The signing of Pudge marks the second strange move of the winter meetings for the Nationals. It seems a little bit much to be giving the 38-year-old Rodriguez a guaranteed two-year deal at an annual salary of $2.5 million dollars. Catcher is some what of a question mark for the Nationals as promising starter, Jesus Flores, has yet to play over 90 games in a major league season. However, when healthy Flores should be the clear cut starter. Sure, Pudge is still a solid defensive catcher, and he brings "veteran presence," but paying $2.5 million dollars to a guy you're rather see a back-up seems like a waste of money.
Offensively, Rodriguez is a shell of the hitter he was in the late 90s and he hasn't had a .330 wOBA season since 2006. As for his mentor skills, his approach at the plate is not something you want your younger player to pick up on. He's earned less than 5.5% walks for five straight seasons and carried an O-Swing% around 40 the past three. Like Brian Bruney, it's not a terrible pick-up, but it's not something that really improves this team a whole lot.
The other deal that went down involved Brad Penny, who signs a one-year deal for the second straight offseason. However, unlike last season, he decided it was best to stick to the National League and that's probably the smartest thing for all parties involved. Like former teammate John Smoltz, Penny comes to the Cardinals after a disappointing half season or so with the Boston Red Sox that lead to his release, and ultimately a resurgence in the senior circuit.
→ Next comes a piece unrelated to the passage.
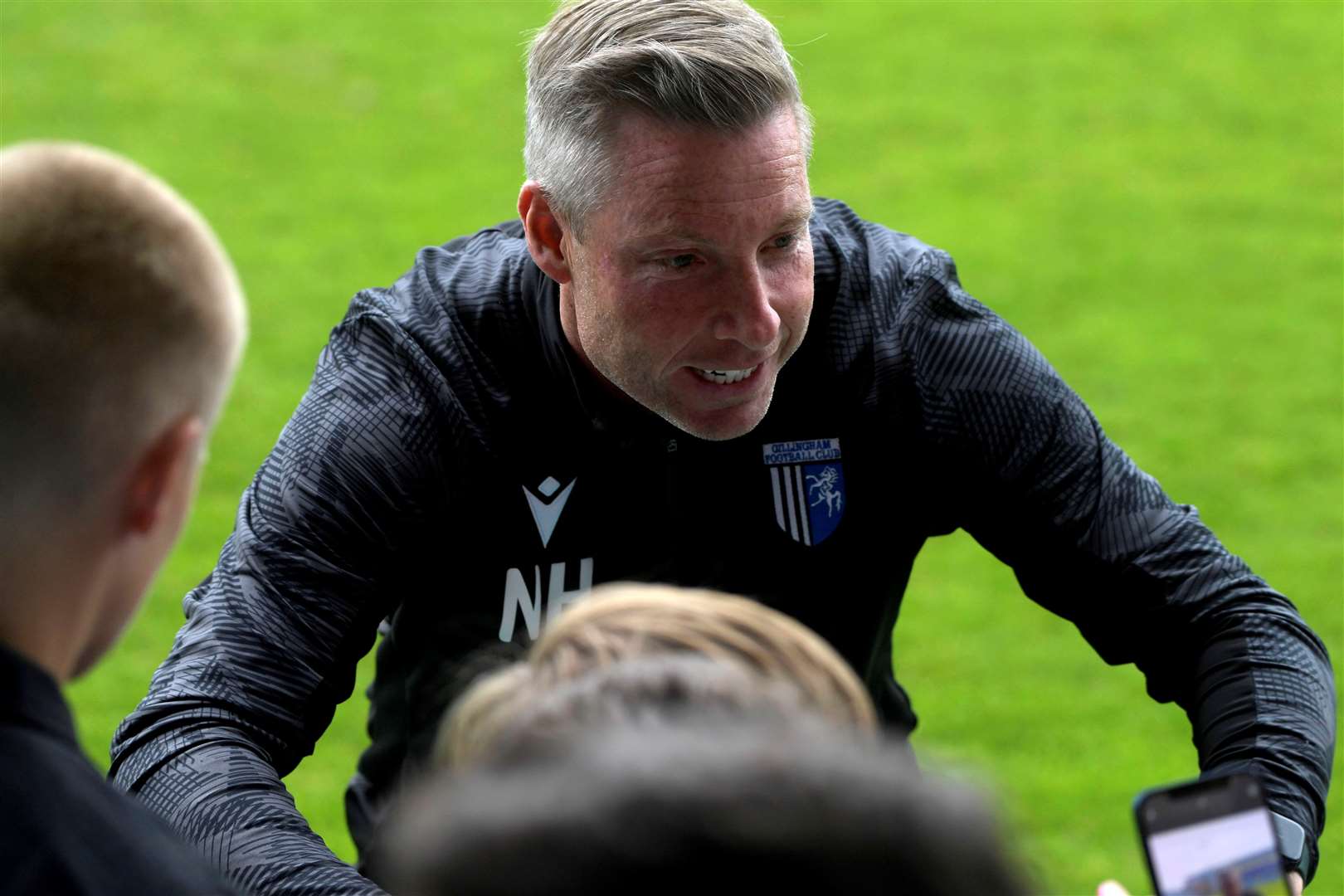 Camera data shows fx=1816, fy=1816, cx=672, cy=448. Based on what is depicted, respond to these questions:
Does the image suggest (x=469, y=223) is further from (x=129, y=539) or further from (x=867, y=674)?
(x=129, y=539)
You can easily make the argument that the Red Sox may have cut bait a little too soon with Penny as he was plagued by a high BABIP (.336) during his tenure in Beantown. However, you could make the same argument that his success in San Francisco was also do in part to a low BABIP (.211) and an unsustainable LOB% over 80% (SSS all the way around). I did notice that once he went bay side, Penny started throwing his change up, something he forgot to do in Boston. The slight change in pitch selection led to more ground balls, which makes him a perfect fit for Dave Duncan. Salary-wise, Penny should easily be worth the $7 million dollar tag, if not the entire potential $9 million. Even with a sub-par performance in Boston, he still earned a 2.0 WAR for his time there and a 2.5 overall for the season. He should be good for at least that in 2010, if not more, which puts his estimated value at over the $11 million mark.